> **TASK TO COMPLETE**
Reproduce exactly the line that contains "Running for his" and every line after it through the end of the records below, leaving out all pictures.

> **SOURCE DATA**
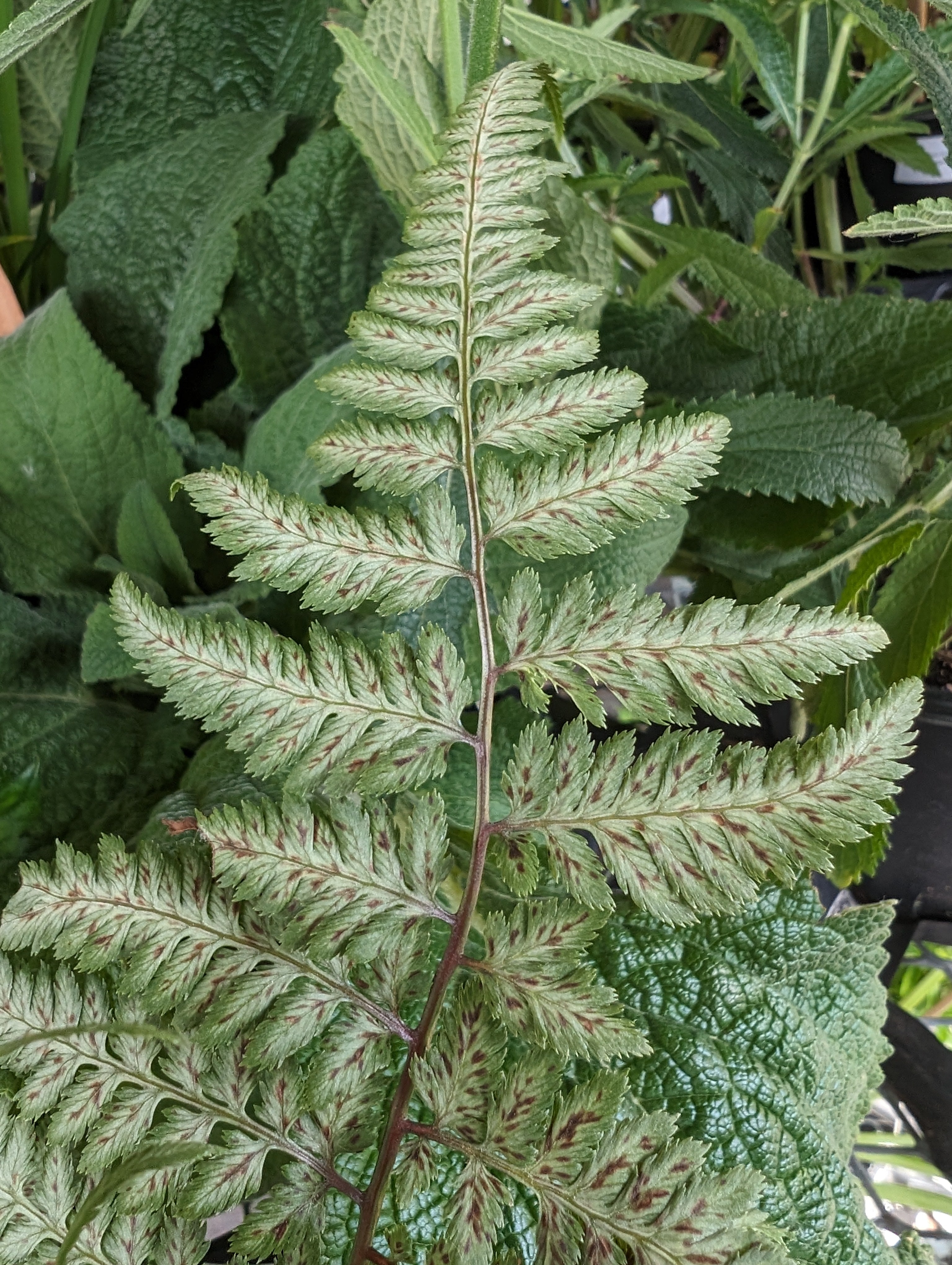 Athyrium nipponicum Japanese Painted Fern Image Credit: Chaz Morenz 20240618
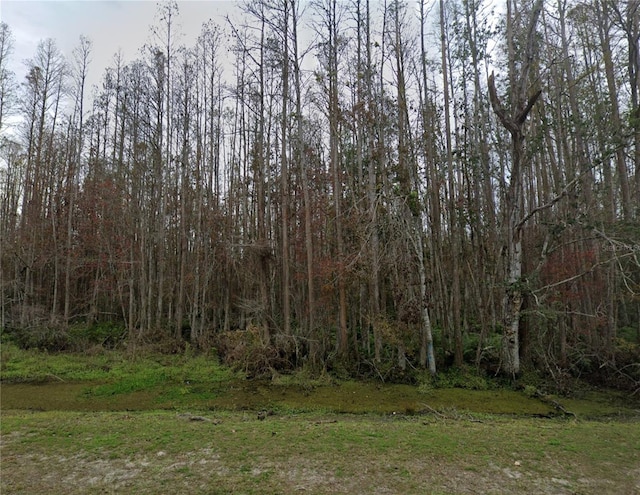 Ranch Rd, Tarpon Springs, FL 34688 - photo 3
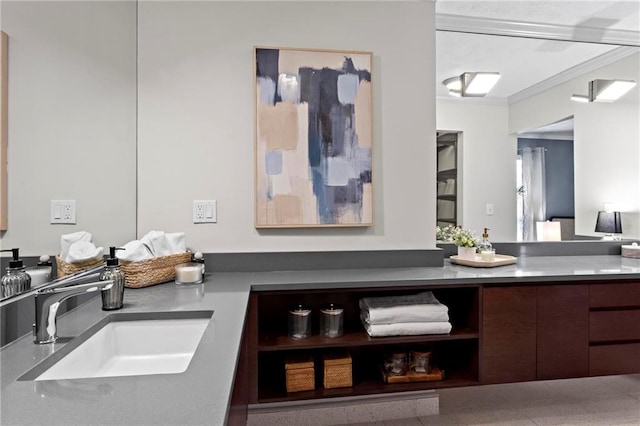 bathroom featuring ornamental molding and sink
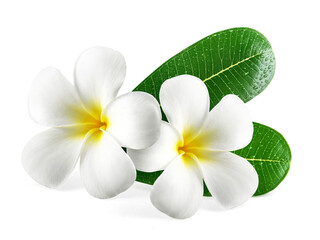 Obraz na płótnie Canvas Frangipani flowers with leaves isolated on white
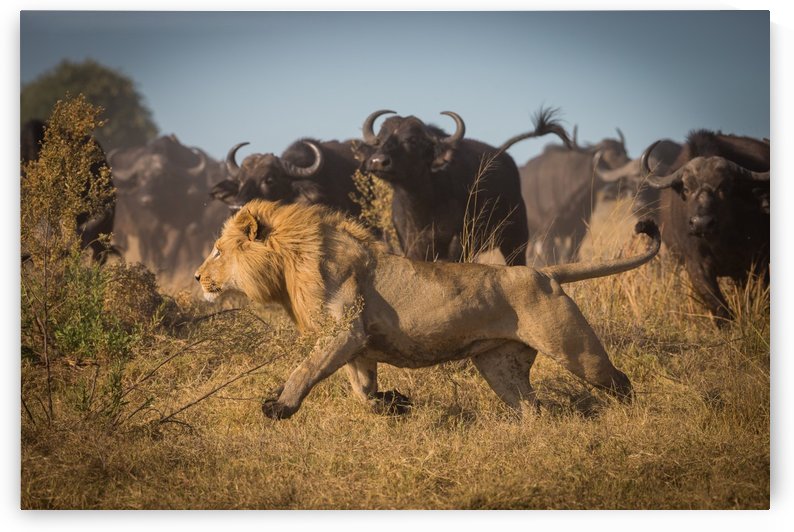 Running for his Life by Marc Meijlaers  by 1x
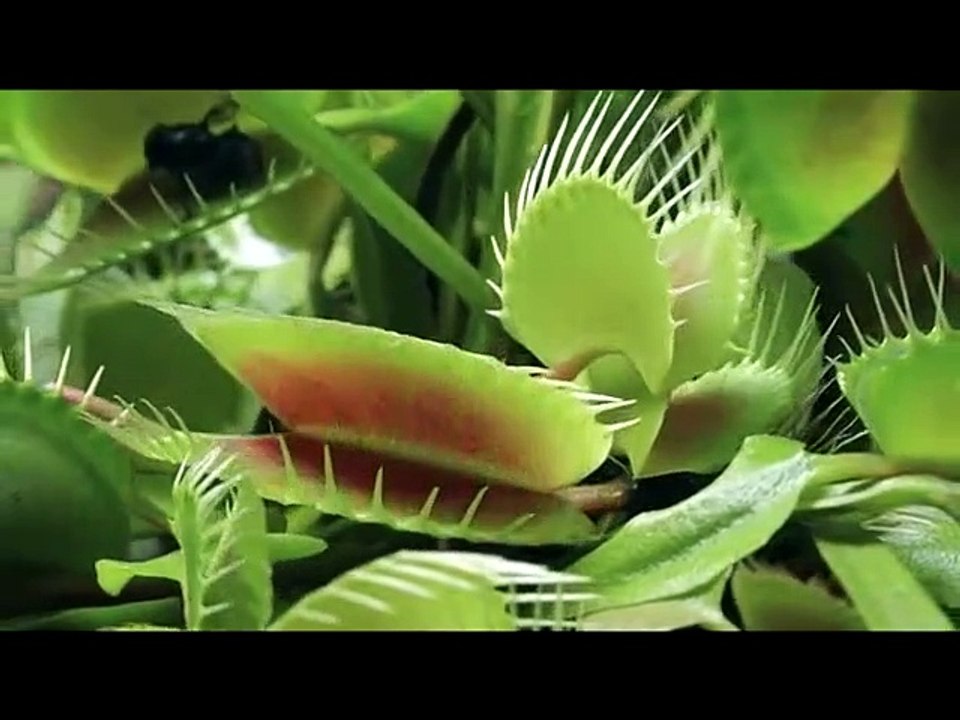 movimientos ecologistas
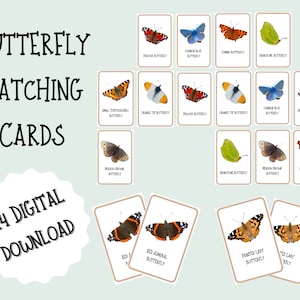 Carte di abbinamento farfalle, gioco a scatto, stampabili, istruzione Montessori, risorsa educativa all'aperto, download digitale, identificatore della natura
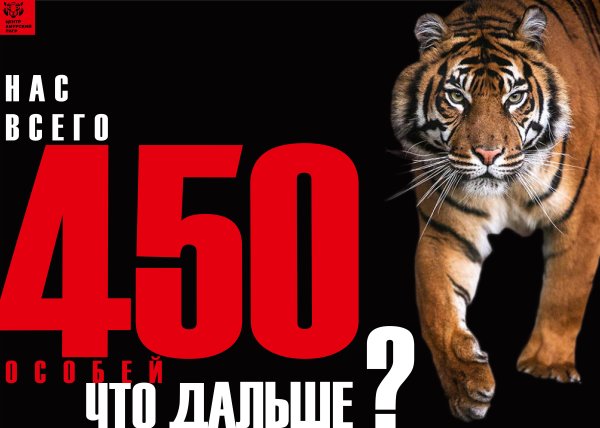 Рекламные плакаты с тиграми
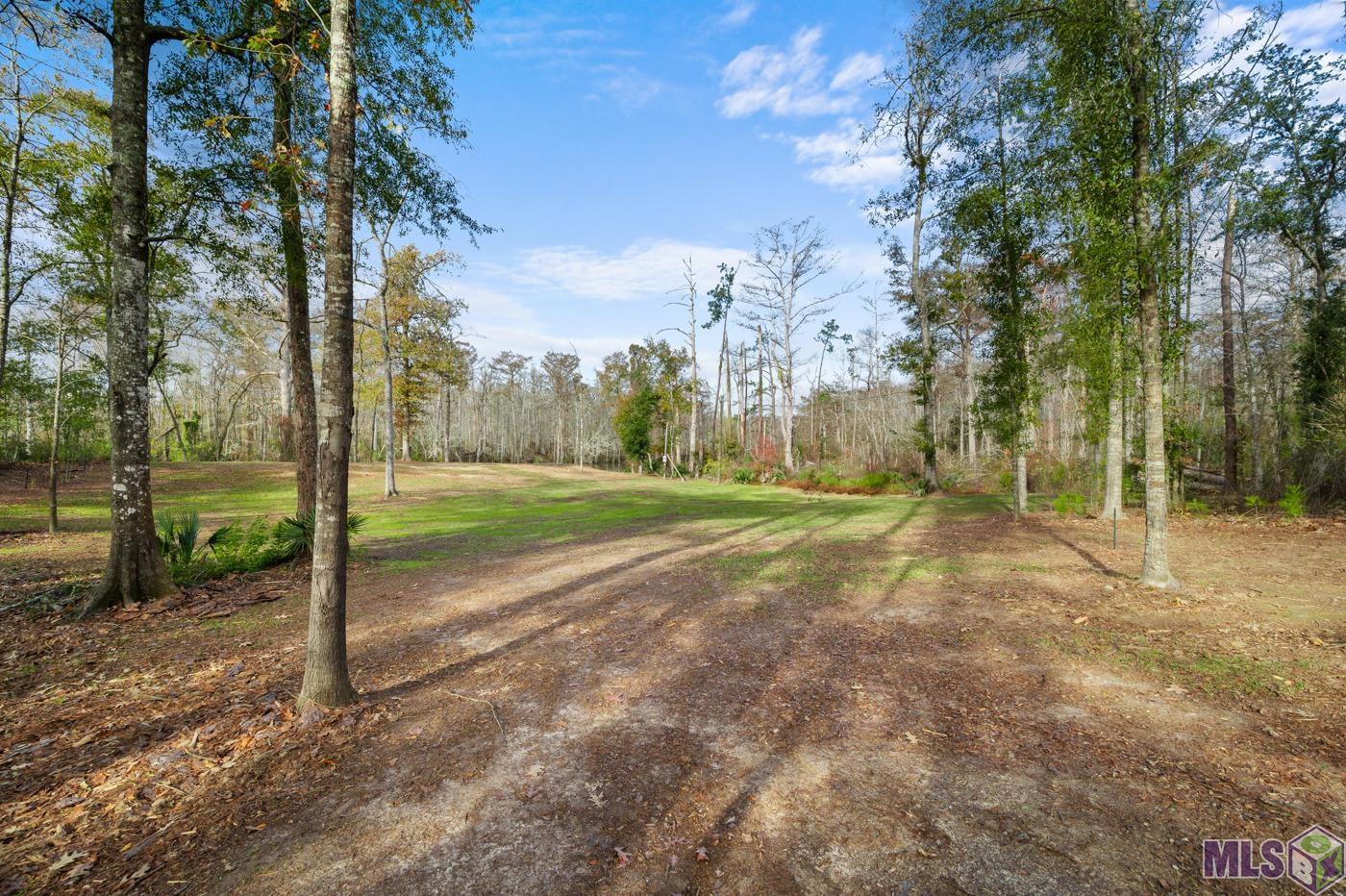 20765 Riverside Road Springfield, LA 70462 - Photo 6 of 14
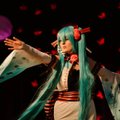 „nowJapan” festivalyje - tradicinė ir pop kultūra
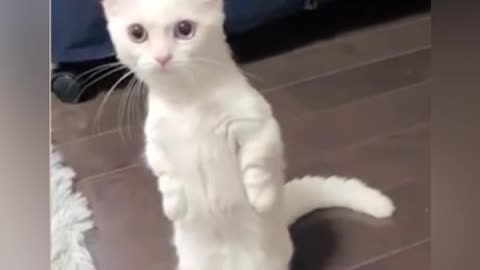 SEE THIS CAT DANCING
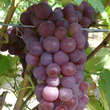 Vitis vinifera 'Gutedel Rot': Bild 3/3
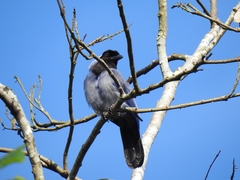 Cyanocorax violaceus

> **OUTPUT FOR THIS EXERCISE**
 Running for his Life by Marc Meijlaers  by 1x
 movimientos ecologistas
 Carte di abbinamento farfalle, gioco a scatto, stampabili, istruzione Montessori, risorsa educativa all'aperto, download digitale, identificatore della natura
 Рекламные плакаты с тиграми
 20765 Riverside Road Springfield, LA 70462 - Photo 6 of 14
 „nowJapan” festivalyje - tradicinė ir pop kultūra
 SEE THIS CAT DANCING
 Vitis vinifera 'Gutedel Rot': Bild 3/3
 Cyanocorax violaceus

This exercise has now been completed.